On Tue, Feb 17, 2026 at 11:19 AM Liam R. Howlett
<[email protected]> wrote:
>
> * Suren Baghdasaryan <[email protected]> [260217 11:33]:
> > Now that we have vma_start_write_killable() we can replace most of the
> > vma_start_write() calls with it, improving reaction time to the kill
> > signal.
> >
> > There are several places which are left untouched by this patch:
> >
> > 1. free_pgtables() because function should free page tables even if a
> > fatal signal is pending.
> >
> > 2. process_vma_walk_lock(), which requires changes in its callers and
> > will be handled in the next patch.
> >
> > 3. userfaultd code, where some paths calling vma_start_write() can
> > handle EINTR and some can't without a deeper code refactoring.
> >
> > 4. vm_flags_{set|mod|clear} require refactoring that involves moving
> > vma_start_write() out of these functions and replacing it with
> > vma_assert_write_locked(), then callers of these functions should
> > lock the vma themselves using vma_start_write_killable() whenever
> > possible.
> >
> > Suggested-by: Matthew Wilcox <[email protected]>
> > Signed-off-by: Suren Baghdasaryan <[email protected]>
> > Reviewed-by: Ritesh Harjani (IBM) <[email protected]> # powerpc
> > ---
> >  arch/powerpc/kvm/book3s_hv_uvmem.c |  5 +-
> >  include/linux/mempolicy.h          |  5 +-
> >  mm/khugepaged.c                    |  5 +-
> >  mm/madvise.c                       |  4 +-
> >  mm/memory.c                        |  2 +
> >  mm/mempolicy.c                     | 23 ++++++--
> >  mm/mlock.c                         | 20 +++++--
> >  mm/mprotect.c                      |  4 +-
> >  mm/mremap.c                        |  4 +-
> >  mm/vma.c                           | 93 +++++++++++++++++++++---------
> >  mm/vma_exec.c                      |  6 +-
> >  11 files changed, 123 insertions(+), 48 deletions(-)
> >
>
> ...
>
> > --- a/mm/mempolicy.c
> > +++ b/mm/mempolicy.c
>
> ...
>
> >
> >  static const struct mempolicy_operations mpol_ops[MPOL_MAX] = {
> > @@ -1785,9 +1793,15 @@ SYSCALL_DEFINE4(set_mempolicy_home_node, unsigned 
> > long, start, unsigned long, le
> >               return -EINVAL;
> >       if (end == start)
> >               return 0;
> > -     mmap_write_lock(mm);
> > +     if (mmap_write_lock_killable(mm))
> > +             return -EINTR;
> >       prev = vma_prev(&vmi);
> >       for_each_vma_range(vmi, vma, end) {
> > +             if (vma_start_write_killable(vma)) {
> > +                     err = -EINTR;
> > +                     break;
> > +             }
> > +
> >               /*
> >                * If any vma in the range got policy other than MPOL_BIND
> >                * or MPOL_PREFERRED_MANY we return error.
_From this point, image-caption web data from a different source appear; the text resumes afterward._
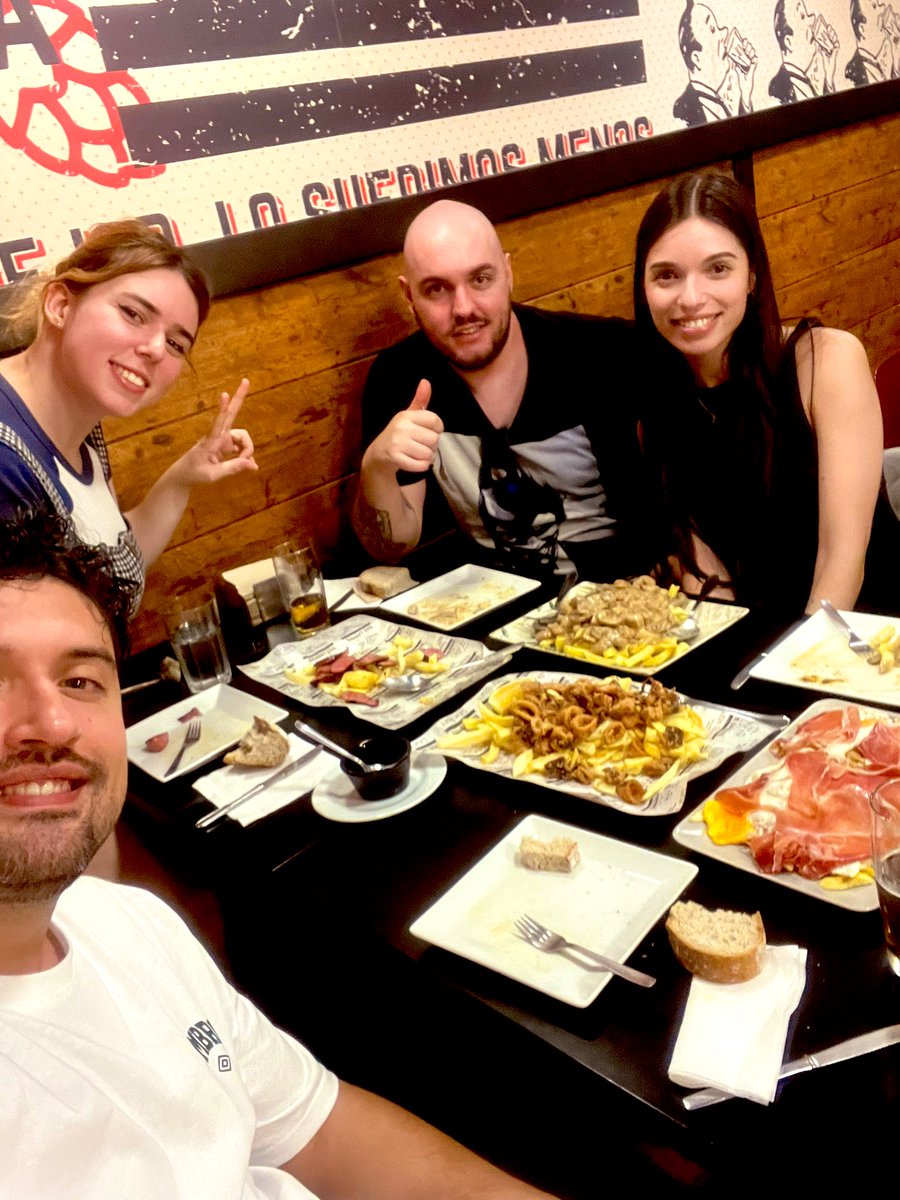 Después de +1200 km en coche para darnos una sorpresa… sois increíble amigos <a href="/loenderin/">Loenderin</a> <a href="/Javibii/">Salceido</a> 💜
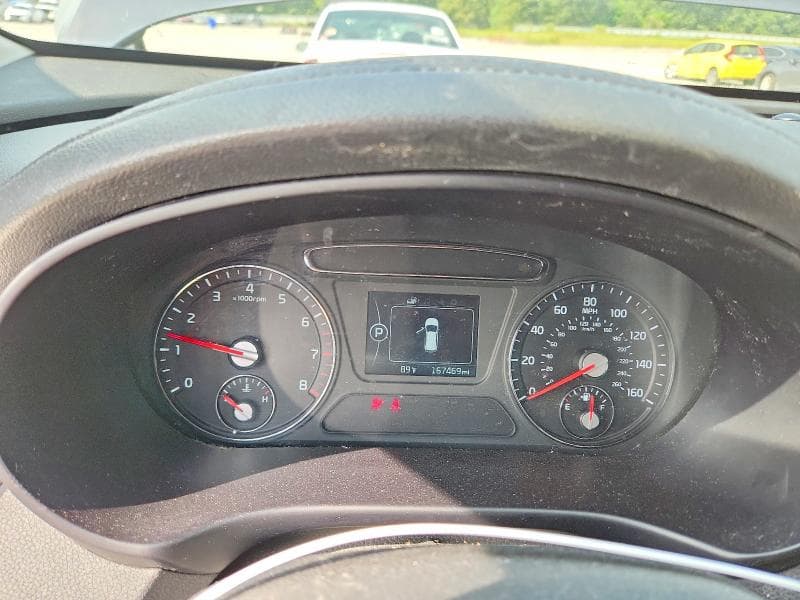 2017 KIA SORENTO LX 9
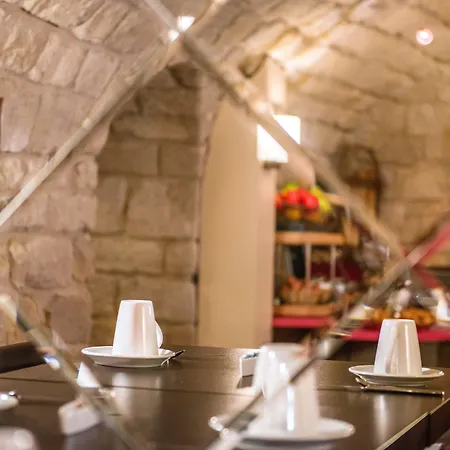 Hotel Du Théâtre By Patrick Hayat Paris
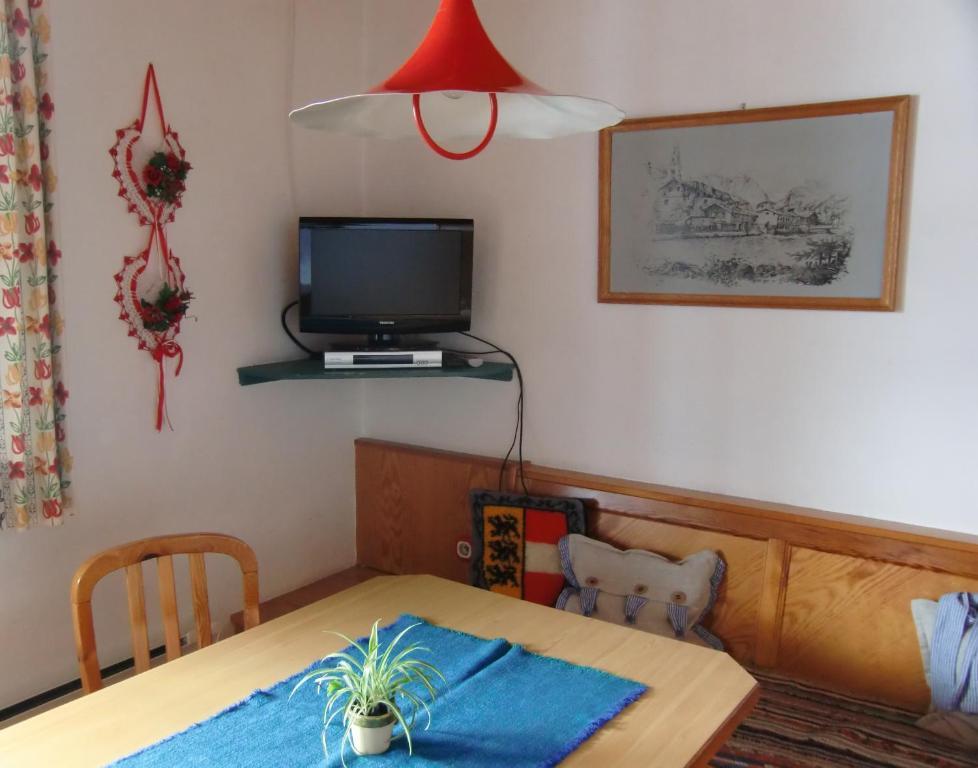 Zimmer Und Ferienwohnungen "Heidis Welt" Podlanig Hermagor-Pressegger See Oda fotoğraf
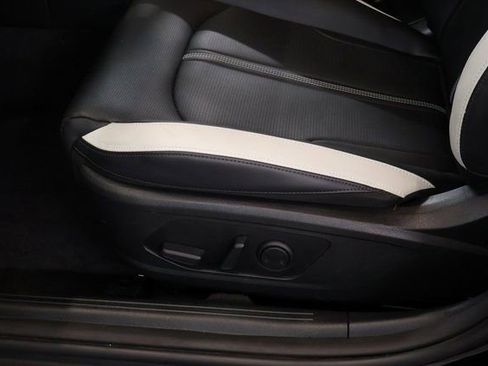 Used 2025 Kia K5 GT-Line image 14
We don't reset
> > @@ -1808,7 +1822,6 @@ SYSCALL_DEFINE4(set_mempolicy_home_node, unsigned 
> > long, start, unsigned long, le
> >                       break;
> >               }
> >
> > -             vma_start_write(vma);
>
> Moving this vma_start_write() up means we will lock all vmas in the
> range regardless of if they are going to change.  Was that your
> intention?

No, I missed that this would result in unnecessary locks.

>
> It might be better to move the locking to later in the loop, prior to
> the mpol_dup(), but after skipping other vmas?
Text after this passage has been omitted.